We were driving by the club hotel in the golf cart and went by the dumpster. There, leaning against the fence were a collection of shutters from a recent renovation. We asked around and the boss-man said "Yea, you can take them!" So we did.
Mark has wanted plantation or Bahama shutters on the front of the house for some time. We even called a guy in Jacksonville and he told us it would cost close to $5000 to have them made in aluminum (!!) and we took a pass. But now, we have more than enough to do the project, and they were the exact right size, without cutting. I removed the hinges, put them at the top, and then used some Bahama shutter hardware we bought in Key West a decade ago, to secure them at the bottom. We may take them down and run them through the table saw to remove the hinge indents - and give them a coat of paint.
It just looks more relaxing....
There were taller shutters and we did run those through the table saw and painted them with two coats of exterior trim paint. They now make a privacy curtain around the hot tub in the front screen room. We previously had a plastic roll-up blind there, but it was several years old and starting to look ratty, particularly after the last hurricane.

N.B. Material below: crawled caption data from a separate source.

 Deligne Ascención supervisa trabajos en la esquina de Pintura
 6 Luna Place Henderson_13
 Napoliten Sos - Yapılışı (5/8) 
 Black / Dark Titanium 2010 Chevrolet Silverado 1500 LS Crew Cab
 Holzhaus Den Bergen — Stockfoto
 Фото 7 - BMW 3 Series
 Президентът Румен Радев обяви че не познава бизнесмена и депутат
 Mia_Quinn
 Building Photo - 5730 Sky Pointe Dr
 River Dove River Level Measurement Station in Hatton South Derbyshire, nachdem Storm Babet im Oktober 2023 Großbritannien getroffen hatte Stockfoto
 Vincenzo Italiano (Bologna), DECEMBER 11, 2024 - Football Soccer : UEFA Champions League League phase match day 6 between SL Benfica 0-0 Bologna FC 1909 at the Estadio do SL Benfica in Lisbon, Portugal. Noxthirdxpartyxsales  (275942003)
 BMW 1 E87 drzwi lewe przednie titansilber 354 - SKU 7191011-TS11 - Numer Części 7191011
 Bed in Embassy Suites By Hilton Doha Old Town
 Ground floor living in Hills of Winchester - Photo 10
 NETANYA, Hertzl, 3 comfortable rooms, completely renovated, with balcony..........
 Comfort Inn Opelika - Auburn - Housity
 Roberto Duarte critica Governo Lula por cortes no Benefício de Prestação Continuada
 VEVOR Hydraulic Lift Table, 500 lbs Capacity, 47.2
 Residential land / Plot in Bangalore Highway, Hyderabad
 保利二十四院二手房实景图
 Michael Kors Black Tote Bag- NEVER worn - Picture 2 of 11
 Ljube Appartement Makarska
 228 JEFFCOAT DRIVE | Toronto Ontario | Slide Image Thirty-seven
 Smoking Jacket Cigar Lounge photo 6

We also installed them in the new guest room. We had the guest room in the front of the house and thought guests would enjoy the sliding glass door into the screen porch. They didn't. People are weird about privacy and women in particular are convinced the neighborhood peeping Tom just can't wait to get a glance at their vagina. So they close the curtains tight, convinced that someone is looking in on them. But nobody is, other than deer, raccoons, and the occasional possum. City folks, go figure.
They let light in, but also can provide privacy. Bitch to paint, though.
So we figured why not make the office in the front, where there is light and the breezes come in from the screen room, and the guests and sit in the dark in the back room next to the air conditioner. And with these shutters, they can block out all the light - as well as lookies from the vagina peeper.
We have a few more shutters left over - and the remodeling at the club is not nearly over. But I am not sure we need to do more - we don't want to turn into the "shutter house". Besides, painting shutters is a royal pain-in-the-ass, which is why I let Mark do it. It seems there are eight sides to a shutter, and they are nearly impossible to paint with a brush. Wooden shutters will sit there all day and soak up paint from an paintgun, and still look like raw wood.
So I will call my policeman friend and donate them to him. He sells things like that and donates the money to veterans charities.